Start the count down.
At the time of its creation, the clock was set at 11:53 p.m., that is, seven minutes from midnight, the time that was metaphorically established as lethal or apocalyptic.
Since then, the minute hand of the clock has moved further away from or closer to 00:00 depending on the decisions made by the world’s politicians regarding the increase or decrease in the risk for humanity.
The moment in which the needle was furthest from midnight was in 1991, after the fall of the Berlin Wall and the official end of the Cold War, when the clock’s hands moved back to a margin of 17 minutes. A record that has never been recovered.
On the other hand, the moment closest to the end has been recently. It was in January 2024, when the planet was, for the second consecutive year, just 90 seconds from midnight. On this occasion, Russia’s war against Ukraine, the climate crisis or the possibility of other pandemics, such as covid-19, were included in the temporal assessments.
Closer to the end.
Since the Soviet Union carried out its first nuclear test in 1949, the clock has not stopped moving towards the end.
Since then the minute hand has been adjusted on more than twenty occasions, with ranges from 17 minutes to 90 seconds, according to the various developments in nuclear proliferation.

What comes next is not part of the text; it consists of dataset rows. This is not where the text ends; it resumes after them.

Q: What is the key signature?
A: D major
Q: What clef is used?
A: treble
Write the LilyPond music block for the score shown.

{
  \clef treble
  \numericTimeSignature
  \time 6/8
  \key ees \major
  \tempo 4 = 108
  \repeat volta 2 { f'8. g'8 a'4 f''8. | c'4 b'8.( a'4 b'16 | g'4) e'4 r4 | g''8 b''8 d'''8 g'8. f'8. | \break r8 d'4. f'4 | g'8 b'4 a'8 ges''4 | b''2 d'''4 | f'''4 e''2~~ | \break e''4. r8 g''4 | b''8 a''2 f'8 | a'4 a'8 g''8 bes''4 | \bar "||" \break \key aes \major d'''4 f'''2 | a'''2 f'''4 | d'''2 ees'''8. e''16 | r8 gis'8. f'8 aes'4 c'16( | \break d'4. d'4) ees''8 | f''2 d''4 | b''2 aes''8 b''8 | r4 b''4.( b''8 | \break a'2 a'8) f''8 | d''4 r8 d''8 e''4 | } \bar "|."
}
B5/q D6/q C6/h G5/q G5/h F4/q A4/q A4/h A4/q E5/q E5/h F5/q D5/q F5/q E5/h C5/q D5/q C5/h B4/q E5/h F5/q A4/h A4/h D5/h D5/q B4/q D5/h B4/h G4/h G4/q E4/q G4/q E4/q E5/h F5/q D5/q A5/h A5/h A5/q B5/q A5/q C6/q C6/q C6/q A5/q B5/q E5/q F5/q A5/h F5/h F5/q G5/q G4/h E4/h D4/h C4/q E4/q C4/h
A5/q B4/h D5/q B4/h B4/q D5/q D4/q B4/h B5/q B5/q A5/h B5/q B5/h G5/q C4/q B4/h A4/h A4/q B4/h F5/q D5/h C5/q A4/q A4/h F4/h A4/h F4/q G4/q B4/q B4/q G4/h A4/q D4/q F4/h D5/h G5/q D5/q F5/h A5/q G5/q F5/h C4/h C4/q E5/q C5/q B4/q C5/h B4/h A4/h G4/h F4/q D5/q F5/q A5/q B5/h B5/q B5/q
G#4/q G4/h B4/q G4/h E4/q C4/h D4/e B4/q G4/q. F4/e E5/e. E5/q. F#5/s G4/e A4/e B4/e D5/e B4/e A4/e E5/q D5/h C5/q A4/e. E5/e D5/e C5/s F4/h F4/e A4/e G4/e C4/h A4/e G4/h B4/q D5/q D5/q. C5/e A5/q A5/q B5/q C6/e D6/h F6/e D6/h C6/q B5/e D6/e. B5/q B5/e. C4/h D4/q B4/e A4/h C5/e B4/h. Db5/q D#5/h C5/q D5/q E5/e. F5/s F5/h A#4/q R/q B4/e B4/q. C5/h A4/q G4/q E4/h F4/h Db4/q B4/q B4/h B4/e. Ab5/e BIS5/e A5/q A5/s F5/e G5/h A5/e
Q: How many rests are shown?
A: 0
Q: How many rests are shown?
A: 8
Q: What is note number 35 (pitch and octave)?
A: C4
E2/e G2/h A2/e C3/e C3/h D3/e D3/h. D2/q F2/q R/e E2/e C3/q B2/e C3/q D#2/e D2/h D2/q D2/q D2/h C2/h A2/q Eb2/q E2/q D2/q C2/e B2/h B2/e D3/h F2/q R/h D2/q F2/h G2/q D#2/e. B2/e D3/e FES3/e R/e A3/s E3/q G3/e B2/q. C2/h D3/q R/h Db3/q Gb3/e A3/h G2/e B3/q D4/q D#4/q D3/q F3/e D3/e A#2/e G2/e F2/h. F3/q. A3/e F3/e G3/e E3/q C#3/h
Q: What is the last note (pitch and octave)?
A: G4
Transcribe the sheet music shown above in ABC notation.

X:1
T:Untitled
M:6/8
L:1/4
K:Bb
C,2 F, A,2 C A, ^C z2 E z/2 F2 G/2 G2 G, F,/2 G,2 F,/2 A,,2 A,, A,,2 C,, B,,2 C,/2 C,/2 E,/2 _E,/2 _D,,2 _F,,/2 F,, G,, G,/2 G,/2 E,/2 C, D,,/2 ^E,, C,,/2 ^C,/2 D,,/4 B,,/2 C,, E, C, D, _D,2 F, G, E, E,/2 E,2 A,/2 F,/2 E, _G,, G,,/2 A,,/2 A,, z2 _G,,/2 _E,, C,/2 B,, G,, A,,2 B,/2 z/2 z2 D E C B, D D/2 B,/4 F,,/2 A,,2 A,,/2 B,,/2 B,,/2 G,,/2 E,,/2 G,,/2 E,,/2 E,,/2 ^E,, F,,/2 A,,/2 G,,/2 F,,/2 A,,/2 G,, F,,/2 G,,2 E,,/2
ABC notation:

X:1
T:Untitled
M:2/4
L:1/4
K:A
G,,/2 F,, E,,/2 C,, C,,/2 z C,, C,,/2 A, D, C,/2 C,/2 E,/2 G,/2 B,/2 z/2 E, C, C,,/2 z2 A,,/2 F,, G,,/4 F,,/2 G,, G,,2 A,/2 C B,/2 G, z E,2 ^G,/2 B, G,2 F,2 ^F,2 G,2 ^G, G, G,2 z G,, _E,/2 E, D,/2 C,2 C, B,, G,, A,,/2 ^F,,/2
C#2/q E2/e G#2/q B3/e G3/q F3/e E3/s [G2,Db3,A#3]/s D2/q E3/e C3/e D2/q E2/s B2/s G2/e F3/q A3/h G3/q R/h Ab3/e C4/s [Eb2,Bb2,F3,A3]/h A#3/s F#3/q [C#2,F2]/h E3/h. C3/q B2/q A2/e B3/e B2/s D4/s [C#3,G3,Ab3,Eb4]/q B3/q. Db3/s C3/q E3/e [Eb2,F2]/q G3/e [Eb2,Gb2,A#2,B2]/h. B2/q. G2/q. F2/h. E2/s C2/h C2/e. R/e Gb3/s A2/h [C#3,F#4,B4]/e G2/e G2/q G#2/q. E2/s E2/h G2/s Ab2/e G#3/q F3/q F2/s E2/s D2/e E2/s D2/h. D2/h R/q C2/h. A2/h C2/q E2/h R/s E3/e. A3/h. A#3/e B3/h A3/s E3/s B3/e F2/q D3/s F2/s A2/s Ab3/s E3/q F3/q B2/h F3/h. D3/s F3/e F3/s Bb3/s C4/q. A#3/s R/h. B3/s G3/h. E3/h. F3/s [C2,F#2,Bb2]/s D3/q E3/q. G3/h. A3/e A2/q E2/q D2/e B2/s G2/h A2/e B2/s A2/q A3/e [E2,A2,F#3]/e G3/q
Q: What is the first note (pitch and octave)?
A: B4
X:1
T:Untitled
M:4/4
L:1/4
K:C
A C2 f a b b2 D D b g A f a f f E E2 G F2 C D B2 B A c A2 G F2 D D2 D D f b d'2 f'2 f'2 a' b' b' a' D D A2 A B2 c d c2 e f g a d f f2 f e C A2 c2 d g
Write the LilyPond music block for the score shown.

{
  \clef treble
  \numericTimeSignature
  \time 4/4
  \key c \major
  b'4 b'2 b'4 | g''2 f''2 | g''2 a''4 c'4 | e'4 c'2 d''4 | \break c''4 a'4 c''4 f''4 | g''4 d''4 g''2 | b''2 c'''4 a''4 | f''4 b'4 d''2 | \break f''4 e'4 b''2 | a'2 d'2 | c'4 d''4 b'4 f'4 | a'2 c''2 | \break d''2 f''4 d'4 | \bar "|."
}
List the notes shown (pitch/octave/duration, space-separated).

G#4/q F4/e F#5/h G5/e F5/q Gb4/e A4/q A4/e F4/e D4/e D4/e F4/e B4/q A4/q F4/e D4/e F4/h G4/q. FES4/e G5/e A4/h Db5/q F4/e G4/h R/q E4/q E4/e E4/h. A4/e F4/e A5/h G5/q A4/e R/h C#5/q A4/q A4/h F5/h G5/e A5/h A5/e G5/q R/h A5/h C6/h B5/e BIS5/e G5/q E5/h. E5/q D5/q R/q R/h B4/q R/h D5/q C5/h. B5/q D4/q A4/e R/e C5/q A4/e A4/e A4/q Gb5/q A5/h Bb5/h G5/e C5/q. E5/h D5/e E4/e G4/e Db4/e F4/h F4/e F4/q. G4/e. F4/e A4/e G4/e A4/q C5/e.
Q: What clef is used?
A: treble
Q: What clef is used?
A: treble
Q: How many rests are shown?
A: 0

Thus, in January 2007, for the fourth time since the Cold War, atomic scientists advanced the clock to 11:55 p.m., five minutes before the catastrophe, due to “growing concerns about a Second Nuclear Age marked by serious threats,” they said at the time. in the statement the experts, who in turn warned that “the dangers posed by climate change are almost as serious as those of nuclear weapons.”
And the bad times when the clock’s hands have moved dangerously have not diminished.
Return to a 20th century schedule.
In 2018 the clock returned for the first time to times from the last century when it was set to two minutes before midnight. The reason, the arrogant rhetoric of the American president, Donald Trump, and the exchange of threats between North Korea and his country.
Precisely in 2017, after Trump’s victory in the presidential elections, scientists, who always moved the clock hands by full minutes, decided, by surprise, to adjust the clock by 30 seconds and place it at two and a half minutes from 00:00 .
And the ticking continues to be “adjusted” with that formula since then, but always referring to the supposed end, and not so far from January 2020, when the Bulletin of Atomic Scientists placed the clock at 23:58:20 and warned that international security was at that time more dangerous than ever.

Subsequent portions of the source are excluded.